Thank you all guys for all the new best wishes for my trip, it really motivates then to get on the computer again by the next chance…
Sunday I had to land in last light 20.30 h at a beach close to Cape Campbell, but as I started that late I couldn’t make it around on Sunday in still kind of quiet conditions.
Whe I arrived at the White Bluffs at the end of the x-ing of Cloudy Bay I actually wanted to land, but a strong current around that corner wasn’t inviting at all. I preferred to rather fight on southwards to get rid of that current, and just to keep on paddling…I was prepared to live in the boat all day as usual.
Who starts late has to paddle a bit harder and longer… once I felt I could at least make it close to the Cape I decided to cut across not only Cloudy Bay, but Clifford Bay, too, heading somewhere to the Lake Grassmere campsite.
I paddled the hell out of my body and against the haunting “estimated arrival time” on my GPS, hoping to make still a landing in last light.
The first wider surf lines were breaking off the Awatere River mouth, and what I guessed were two seals playing in the waves turned out to be two guys on their surfboards!
Approaching the Lake Grassmere area I was looking for where the official DOC motorcampsite might be, and saw some lights by the water, but I never guessed this was the campsite so close on the narrow strip between the water and the bluffs…and I landed about 200 m to the right. It was almost dark, and I actually guessed why should I bother with an “official” campsite…I was more than happy to relax in my own sand dune spot than to deal with elderly people travelling in motorhomes (who needs a motorhome…?) )
29.10.2007 Mon, Day 5/ 4
Rounded the Cape in rough conditions. Landed to find a way to launch without this fucking skeg becoming stuck and climbing out in rough seas (
Needles, 35km. 210 km.
35 km only. The skeg problem wore me a bit, but the rope trick works fine now ) ugly dumping stuff to launch tomorrow ( dolphin played with me.

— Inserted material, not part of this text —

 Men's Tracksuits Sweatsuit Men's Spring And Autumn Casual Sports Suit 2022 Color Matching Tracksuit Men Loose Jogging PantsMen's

Cape Campbell…Joe Heberley told me I might not make it around in Moday’s forcasted conditions…it was about 7 km away from where I camped last night.
I launched through some moderate surf from a small cobbels beach, and for sure I got the rope skeg stuck…with a sidewind becoming stronger I felt the urgent need to figure that problem out at some point.
So I just climbed out straddling the back deck, slid backwards until I could reach the attached loop on the skeg and luckily pulled it out. Balancing act succesfull done…but was that a solution for all the next lauchings, too???
But first around the Cape…it is a flat area with very confused seas through lots of reefs. I knew there was a way sneeking around close in to the beach, but the water was so shallow I got stranded on the first try…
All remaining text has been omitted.